For owners who absolutely, positively must sell, and can't bear the thought of simply relinquishing the keys to the lender, here are some of the current incentives and strategies in use:
Toting the note: Offering buyers seller-financing "carry-back loans," which are essentially mortgages or loans financed by the seller, sometimes done in conjunction with "zero down payment" incentives. This can be risky. Sellers have found that it's to their advantage to partition this "carry back" into first and second lien-trust deeds. That prevents the new owner from obtaining additional financing that would weaken the home's equity position in the event the seller is forced to repossess the home. This works best of course if the home does not have an existing mortgage, many of which contain "due-on-sale" clauses, meaning the mortgage has to be paid in full if ownership is transferred. Many lenders, however, recently have been passing up their right to invoke the clause because they're happy that the payments are still being made. But this could be risky and you might try discussing it with the lender and seeking written approval.
Cash-back offers: These include offering to pay a year's worth of property taxes or even a year's worth of mortgage payments. Also increasingly common are "cash-back" offers that can be credited toward buyer down payments, repairs, landscaping, closing costs or mortgage points.
Glamour and glitz: Exotic vacations, timeshares, cars, season tickets for professional sports or even the opera, art, high-definition TVs, thousand-dollar gift cards for gasoline, all-appliances-included and even mineral rights (often worth $3,000 or more per quarter acre in some markets).

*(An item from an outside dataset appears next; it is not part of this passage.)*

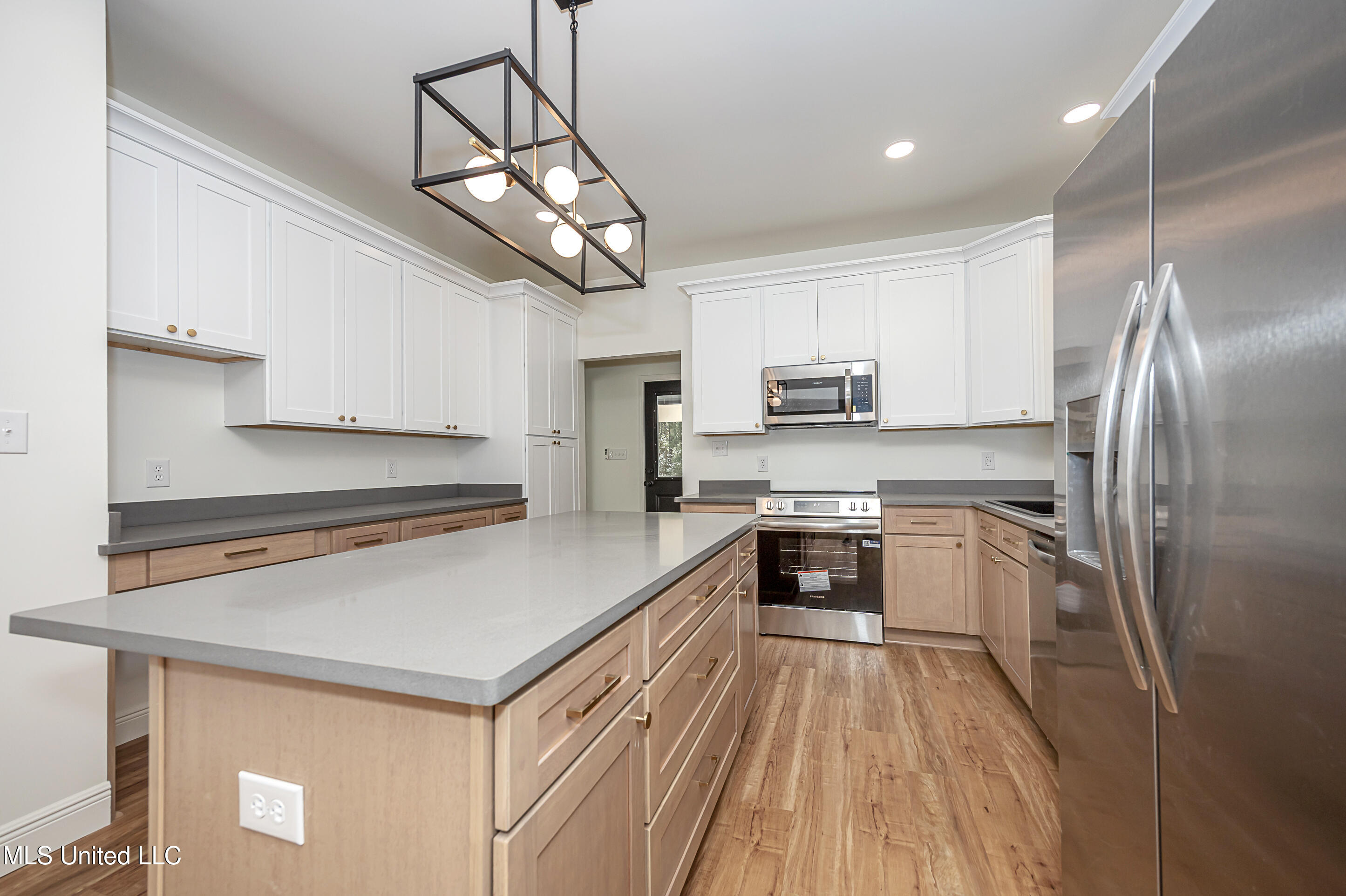 811 Bay Street Ocean Springs, MS 39564 - Photo 55 of 66 IMG_2553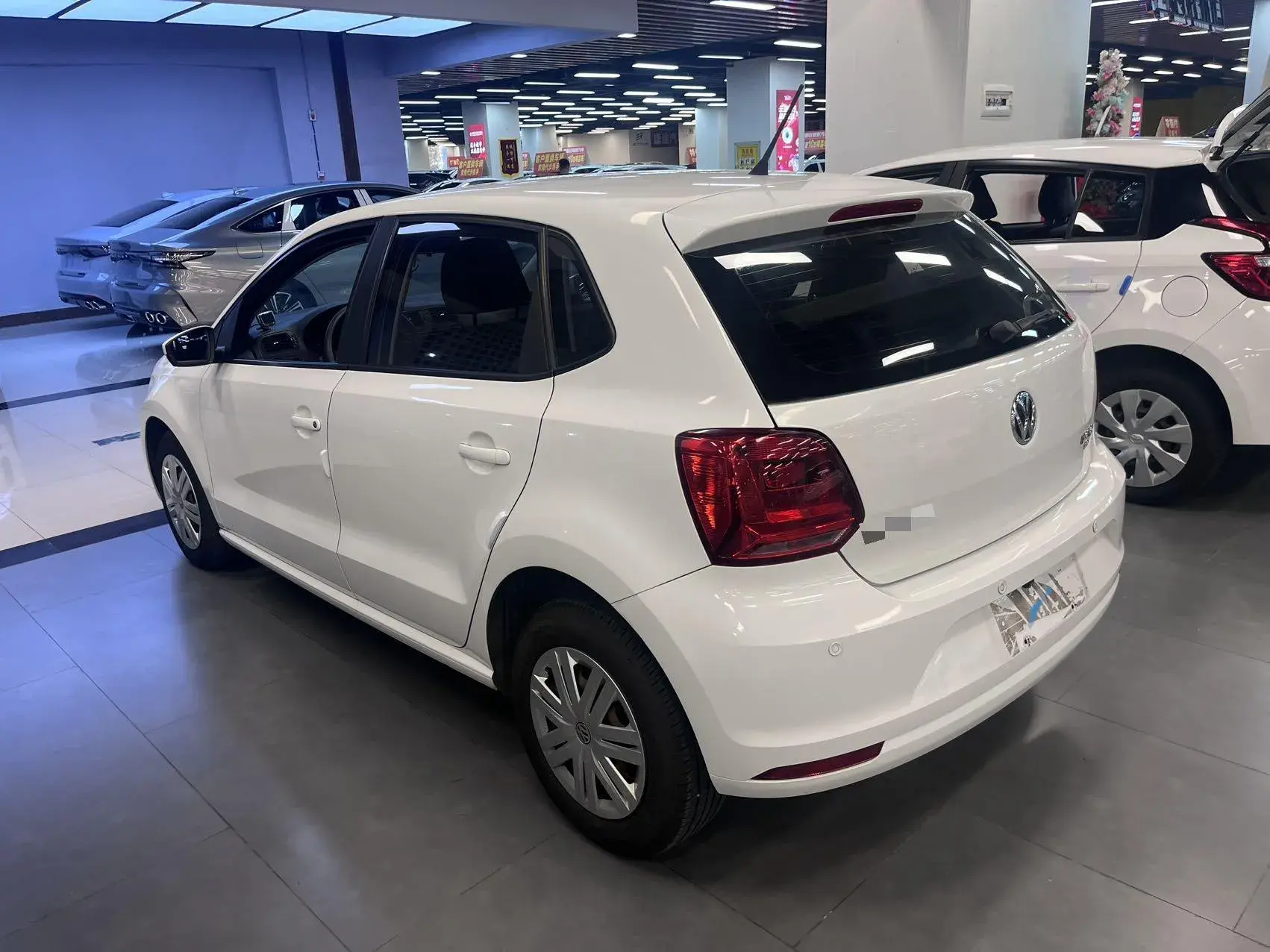 2018 VOLKSWAGEN POLO thumbnail 2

Lease-to-own options: This can be a motivator for tentative buyers who fear the market will drop further or for buyers who are short on down payments or who can't get traditional financing in tightening credit markets. Option structures differ greatly. A rent-to-own agreement, also called "lease-to-own" or "lease-purchase," is generally a binding agreement to buy a home at a set price at the end of a set period. It offers a little better security for the seller. A lease-option arrangement gives the renter a legal buy-option after a given period, but isn't an obligation.
"Mr. Big" of incentives -- proper pricing: "It's pretty simple," says William E. Brown, president of the California Association of Realtors. "A home is going to have to be priced correctly in relation to comparable sales as they exist today, not the 2004-2005 pricing that your neighbors got. Incentives and everything else take a back seat to this."